This makes it all the more important to know how to apply for and manage funding when it becomes available, as well as understand your needs and eligibility. Navigating the world of funding can feel intimidating, but there are many resources available to help aid the process. Preparing ahead of time is the best way to make sure your organization is ready to respond to funding opportunities. 

This preparation begins with a capacity development approach. Capacity development is a process that water systems can use to acquire and maintain adequate technical, managerial, and financial capacity. Programs have been established in every state to help public water systems continue to strengthen their capacity and you've likely crossed paths with training, resources, or technical assistance provided through these programs.
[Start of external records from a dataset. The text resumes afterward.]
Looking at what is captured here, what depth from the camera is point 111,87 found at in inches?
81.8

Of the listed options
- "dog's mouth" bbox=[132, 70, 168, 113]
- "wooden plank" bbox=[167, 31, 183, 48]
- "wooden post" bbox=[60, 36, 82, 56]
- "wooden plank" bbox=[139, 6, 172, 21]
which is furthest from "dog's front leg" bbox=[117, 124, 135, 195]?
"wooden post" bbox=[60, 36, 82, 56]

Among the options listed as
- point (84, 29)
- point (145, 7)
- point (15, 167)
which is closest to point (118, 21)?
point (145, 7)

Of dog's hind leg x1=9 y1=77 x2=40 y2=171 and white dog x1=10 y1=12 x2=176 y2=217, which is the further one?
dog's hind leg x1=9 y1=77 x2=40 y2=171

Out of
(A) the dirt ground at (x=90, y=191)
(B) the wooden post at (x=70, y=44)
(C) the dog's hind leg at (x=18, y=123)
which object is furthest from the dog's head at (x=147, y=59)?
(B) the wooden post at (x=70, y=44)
We're highlighting a selection of our favorite capacity development resources that can help systems (and those who serve them) undertake readiness efforts for potential infrastructure investment.

Managerial Capacity 

Managerial capacity for short and long term planning includes:

  • Ownership accountability 
  • Staffing and organization 
  • Effective external linkages 

Resources:
Water System Owner Roles and Responsibilities: A Best Practices Guide
This guide can help owners and operators of public water systems serving less than 10,000 people better understand their responsibilities. 

Strategic Planning: A Handbook for Small Water Systems
This handbook was designed to help operators serving less than 3,000 people develop a strategic management plan. 

Manual for Assessing Public Water Supply System Capability
This manual goes through each of the components of capacity development, technical capacity, managerial capacity, and financial capacity. 

Financial Capacity 

Financial capacity for short and long term planning includes:

  • Revenue sufficiency 
  • Creditworthiness 
  • Fiscal management and controls  

Resources:
Water Finance Clearinghouse
This portal was created by the U.S. EPA to help water operators locate helpful financial resources. 

Grant (Loan) Writing 101 - Right Grant, Right Time, Right Project
This 31-slide presentation explains the numerous steps that are included in writing a grant from start to finish. 

Introduction to Grant Writing
This 25-slide presentation addresses the basics of grant writing in the state of Utah. 

A Financially Healthy Water System Now and Into the Future
This presentation introduces questions that should be considered regarding the financial health of your system and how to understand your system's present and future needs.

U.S. EPA Grants Management Training for Applicants and Recipients
This online training course designed by the U.S. EPA  includes six modules that explain the grant life cycle process. 

Asset Management 

Asset management is the practice of making the most of capital assets, while also delivering the best customer service. It is essential to establishing sustainable infrastructure. Building an asset management team can lead to increased knowledge management, financial efficiency, and work efficiency. 

Resources: 
Building an Asset Management Team
This factsheet outlines the steps to take to build a functioning asset management team. 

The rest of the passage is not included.